21美の「プール」1日再開 地上部のみ無料開放

5月1日から無料で鑑賞できる「スイミング・プール」の地上部=金沢21世紀美術館

  ●大型連休に合わせ

 金沢21世紀美術館は29日、館内の大型展示作品「スイミング・プール」について、5月1日から地上部分を無料開放する方針を固めた。元日の能登半島地震後、同作品を含む有料の「展覧会ゾーン」は閉鎖が続いているが、6月22日の全館営業再開に先駆けて人気スポットを公開し、大型連休中のにぎわい創出につなげる。

 「スイミング・プール」は、地上部と地下部から鑑賞できるレアンドロ・エルリッヒ氏(アルゼンチン出身)の作品。2004年10月の開館以来、高い人気を維持しており、館を代表するスポットの一つとなっている。

 同館は、元日の地震で展覧会ゾーンのガラス天井が損傷、落下するなどの被害を受け、約1カ月にわたって休館を余儀なくされた。2月上旬に交流ゾーン(無料)の一部で営業を再開したものの、集客力の高いプールには立ち入れず、来館者からは「プールが見たかった」と残念がる声が聞かれていた。
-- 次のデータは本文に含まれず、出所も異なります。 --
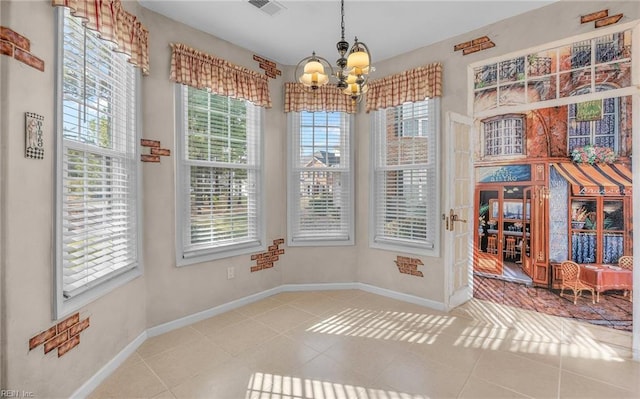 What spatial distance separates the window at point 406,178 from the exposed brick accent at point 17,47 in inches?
127

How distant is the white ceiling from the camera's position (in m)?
2.70

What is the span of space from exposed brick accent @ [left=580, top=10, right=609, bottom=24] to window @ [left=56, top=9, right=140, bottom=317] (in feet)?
12.9

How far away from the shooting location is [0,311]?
56.9 inches

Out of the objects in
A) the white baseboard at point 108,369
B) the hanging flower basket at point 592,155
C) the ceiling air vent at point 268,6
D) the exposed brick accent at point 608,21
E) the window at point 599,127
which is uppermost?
the ceiling air vent at point 268,6

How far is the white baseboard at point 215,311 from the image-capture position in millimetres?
→ 2060

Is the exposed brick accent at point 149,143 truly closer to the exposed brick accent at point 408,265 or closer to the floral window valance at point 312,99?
the floral window valance at point 312,99

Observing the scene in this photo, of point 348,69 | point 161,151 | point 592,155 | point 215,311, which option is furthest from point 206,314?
point 592,155

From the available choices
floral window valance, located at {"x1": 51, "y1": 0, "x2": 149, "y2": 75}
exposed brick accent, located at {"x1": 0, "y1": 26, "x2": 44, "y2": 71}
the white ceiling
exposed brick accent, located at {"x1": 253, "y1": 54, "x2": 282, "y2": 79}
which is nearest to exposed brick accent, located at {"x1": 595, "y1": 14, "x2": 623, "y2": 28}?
the white ceiling

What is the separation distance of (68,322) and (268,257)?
2.13 m

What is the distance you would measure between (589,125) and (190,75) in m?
5.61

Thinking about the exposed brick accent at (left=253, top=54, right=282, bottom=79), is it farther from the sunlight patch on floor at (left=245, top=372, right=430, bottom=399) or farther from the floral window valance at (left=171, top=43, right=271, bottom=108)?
the sunlight patch on floor at (left=245, top=372, right=430, bottom=399)

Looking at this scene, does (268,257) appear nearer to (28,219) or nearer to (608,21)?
(28,219)

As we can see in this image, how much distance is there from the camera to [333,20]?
293 centimetres

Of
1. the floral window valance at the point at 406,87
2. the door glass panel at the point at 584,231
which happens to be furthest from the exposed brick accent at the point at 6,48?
the door glass panel at the point at 584,231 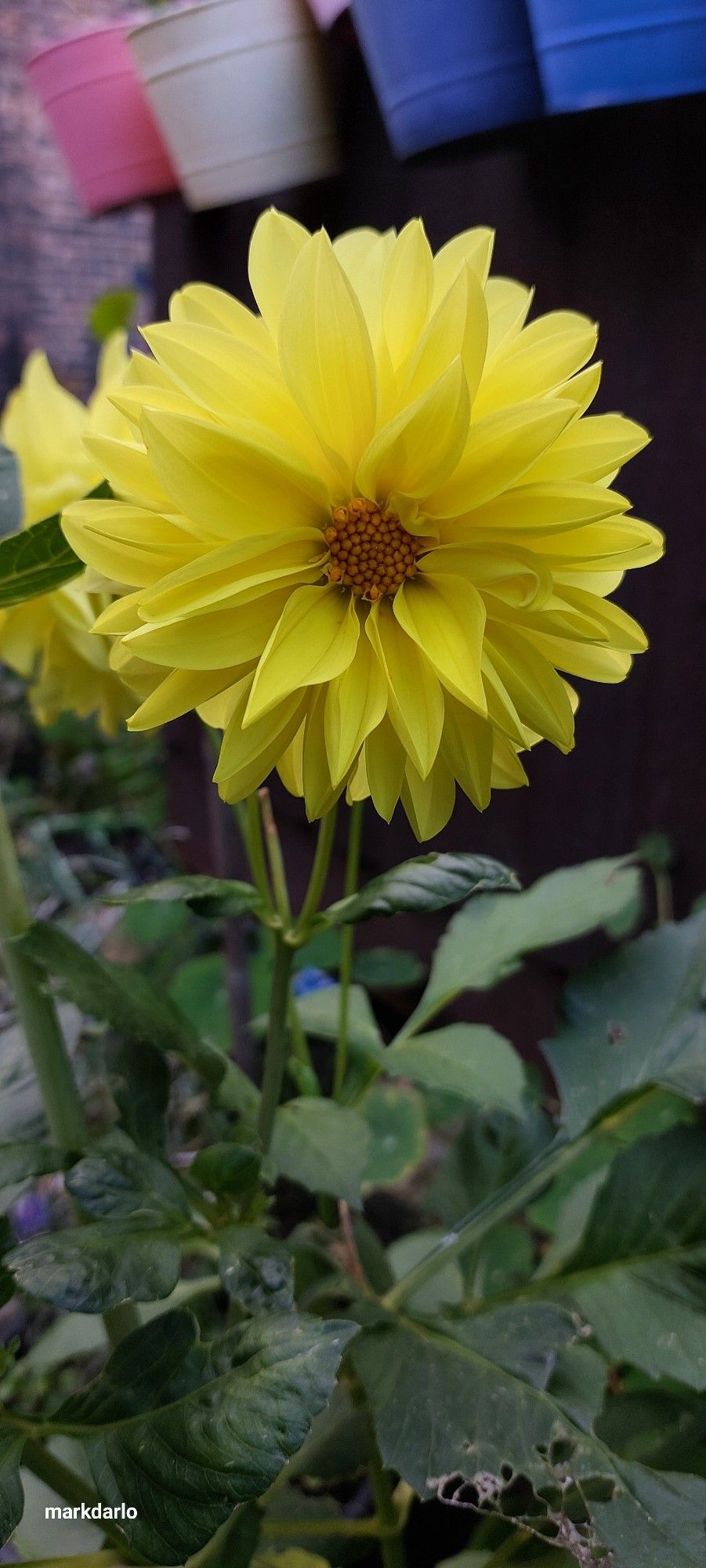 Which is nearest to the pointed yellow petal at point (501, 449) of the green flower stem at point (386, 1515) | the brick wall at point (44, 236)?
the green flower stem at point (386, 1515)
 4月は、近隣の兼六園や金沢城公園が観桜期のにぎわいで過去最高の人出を記録する一方、関係者によると、21美の入館者は伸び悩みが続いた。こうした状況を受け、大勢の観光客が訪れる大型連休に合わせ、安全が確認されているプールの地上部のみ無料開放することにした。全館で営業を再開する6月22日以降は有料となる。

 金沢市の担当者は「21美の顔であるプールを目当てに訪れる人は多い。たくさんの人に来館してもらい、まちなかのにぎわい創出につなげたい」と話した。